Трагизм этики Н.А. Бердяева исходит из слишком «все же» большой близости (не свободно-арбитральной, подчиненно-кровной) к ложнотворческим проявлениям и достижениям мировой философской мысли, подлежащей более определенному суду евангельской истины. «Как ни интересно все, что говорит Ницше, истина заключается в прямопротивоположном» (стр. 123) – вот образец ложно-великодушной, «двойственной философии», притупляющей (апокалиптически-охлаждающей) свою истину.

Мы совсем не хотели бы ставить перед автором задач формально-философского самоубийства. Закваске не надо выходить из теста. Но было бы утешительно увидеть в творчестве Н.А. Бердяева еще более независимую линию. Более независимую от философии, чем от Церкви. Линию меньшей зависимости от дурно-бесконечной, ложно-культурной оригинальности, столь смешиваемой в культуре мира с идеей творчества.
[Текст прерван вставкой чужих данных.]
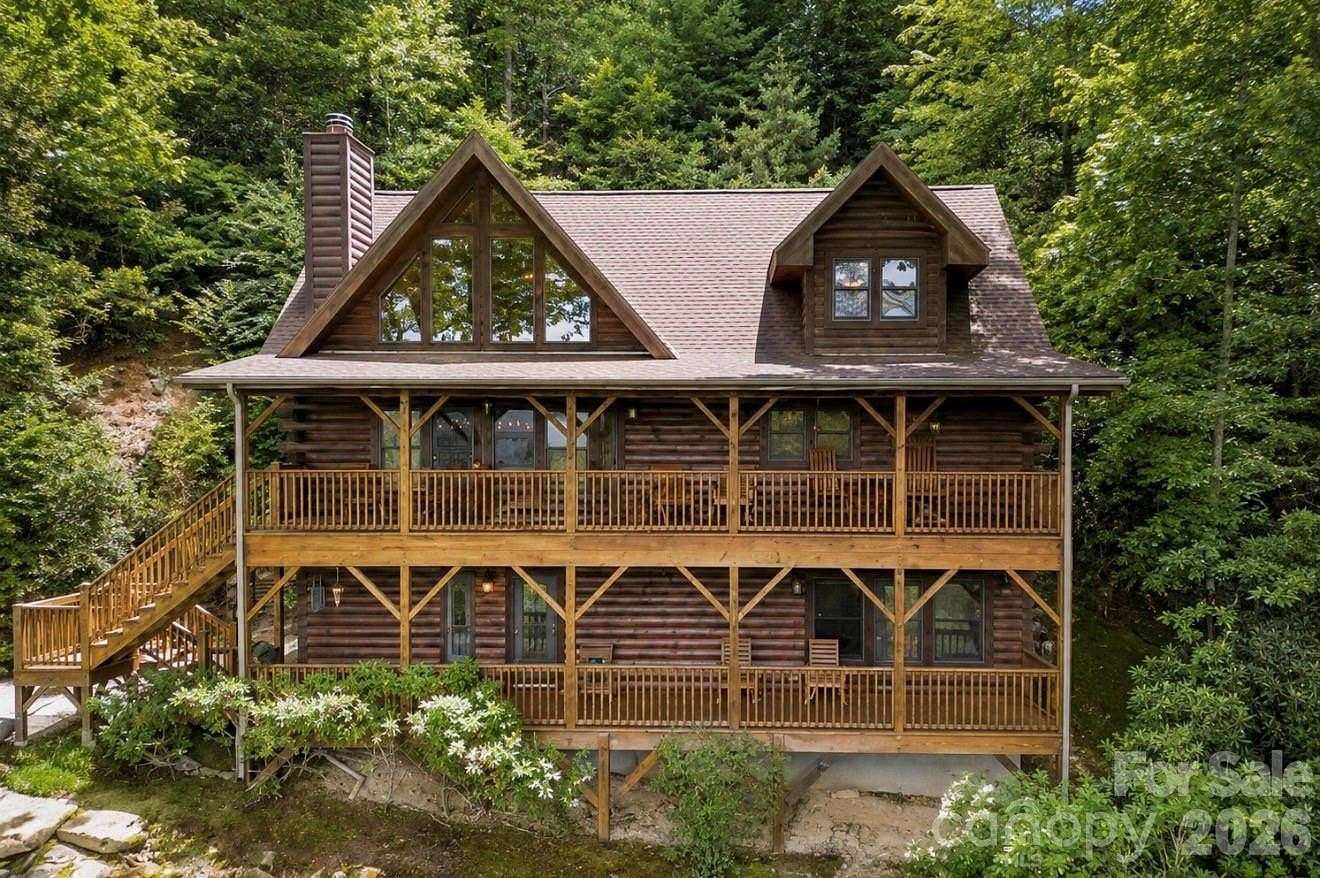 1.57 Acres of Land with Home for Sale in Maggie Valley, North Carolina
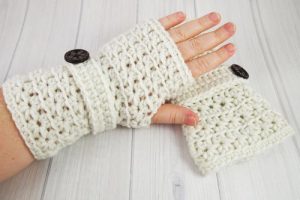 Crochet Star Stitch Fingerless Gloves | AllFreeCrochet.com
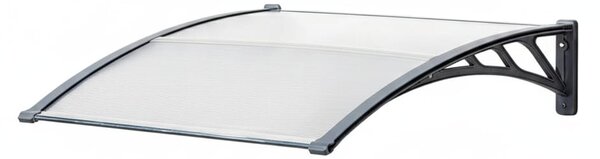 Copertina usa intrare, 150x90 cm, negru, policarbonat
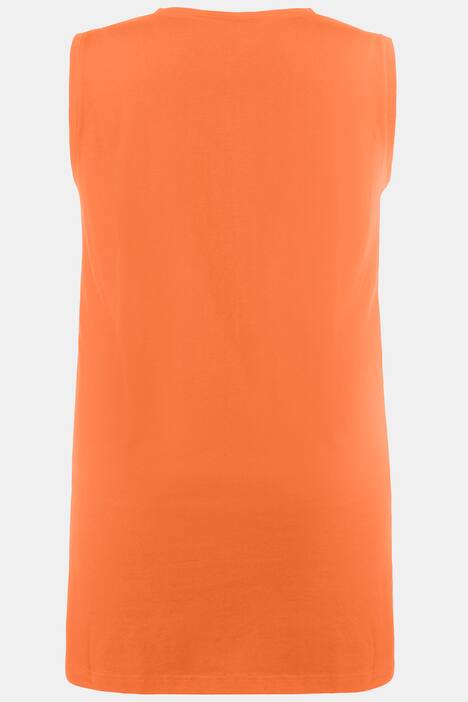 Top, relaxed, V-hals, brede bandjes zijsplitten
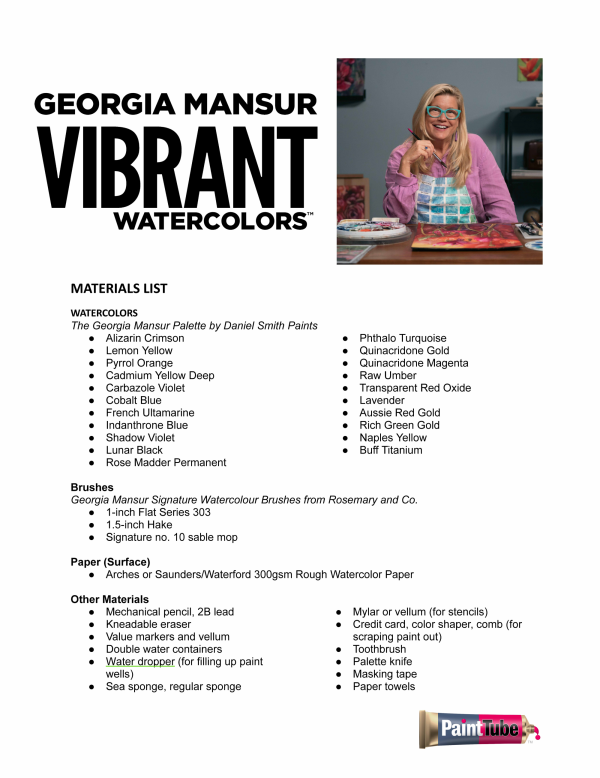 Georgia Mansur: Vibrant Watercolors Sale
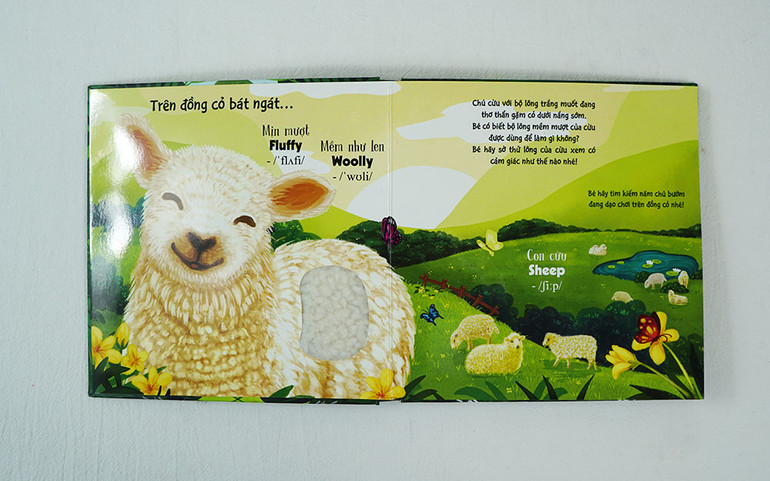 Bé đọc sách bằng… tay -0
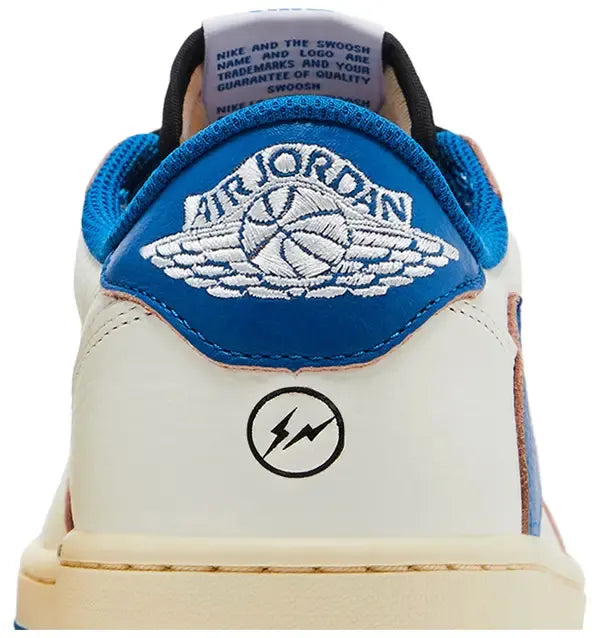 Jordan 1 Low X Travis Scott Fragment Sail Military Blue ( Premium Quality)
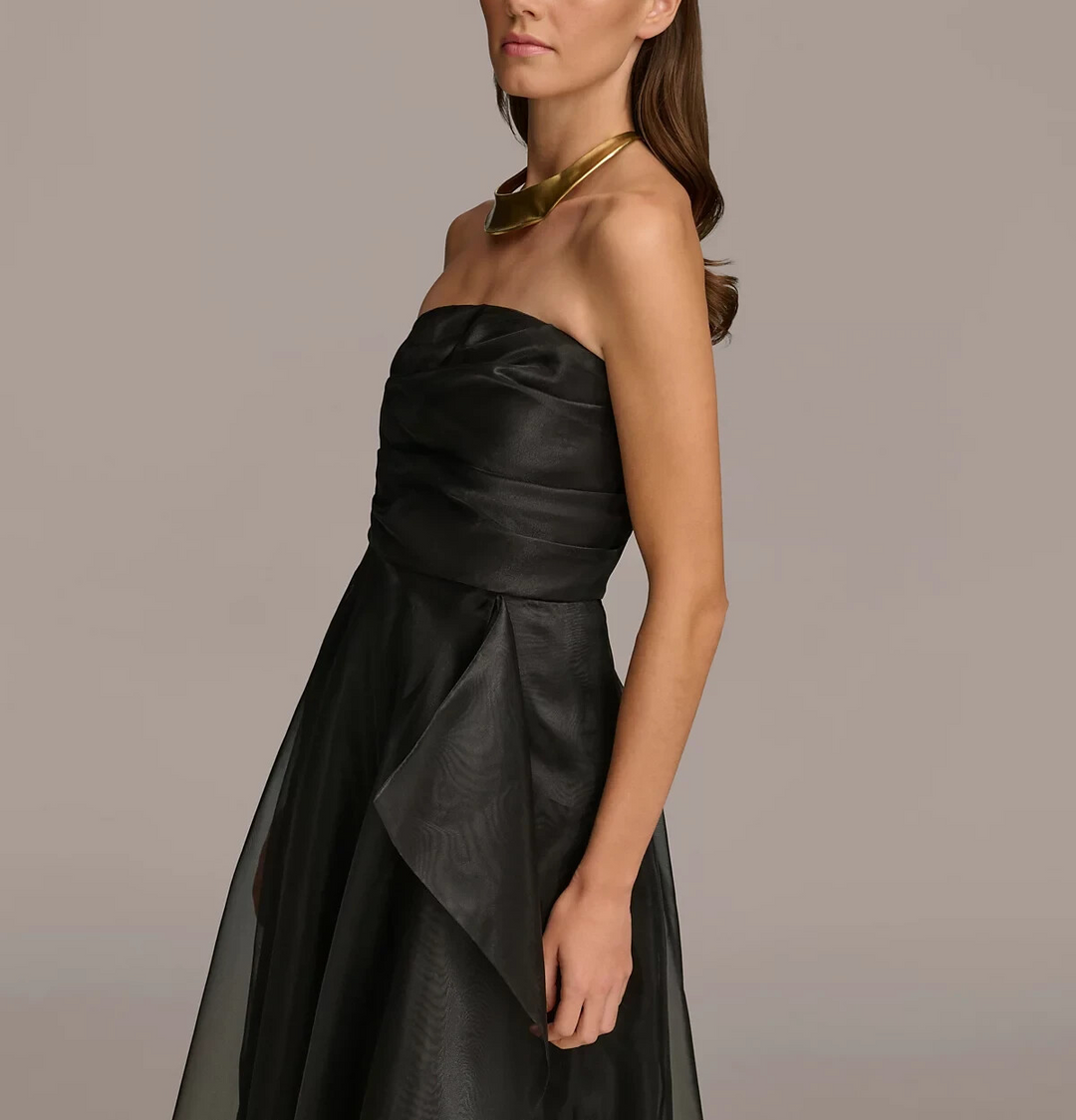 Donna Karan New York Donna Karan Sleeveless Cascade Gown MSRP $299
Если бы Н.А. Бердяев не боялся зависимости от «теологии»35, не боялся бы быть даже слугою её в самом чистом значении этого слова, т. е. пресек бы традицию псевдо-свободной философии: быть в феербаховской оппозиции к теологии, – он мог бы назвать свою книгу: «опытом духовной этики», ибо его книга преодолевает «душевную» сферу философии и идет по духовной сфере профетических утверждений, укорененных в вере Христовой, спасающей Духом и философию и этику от серости самодовольной добродетели. Центр и значение книги в философском свидетельстве (понимаем это слово первохристиански) о Христе, о Слове-Смысле, сотворившем мир – Альфе и Омеге бытия.

Совсем напрасно автор нападает на «ортодоксальную теологию», чтобы удержаться в своей философской свободе. Ортодоксальная теология в лице хотя бы трех её столпов, названных Церковью её представителями в этой области, т. е. свв. Иоанна Богослова, Григория Богослова и Симеона Нового Богослова, – не очень уже противоречит всем творческим утверждениям его... А в чем противоречит, там она нам кажется более права, чем Н.А. Бердяев.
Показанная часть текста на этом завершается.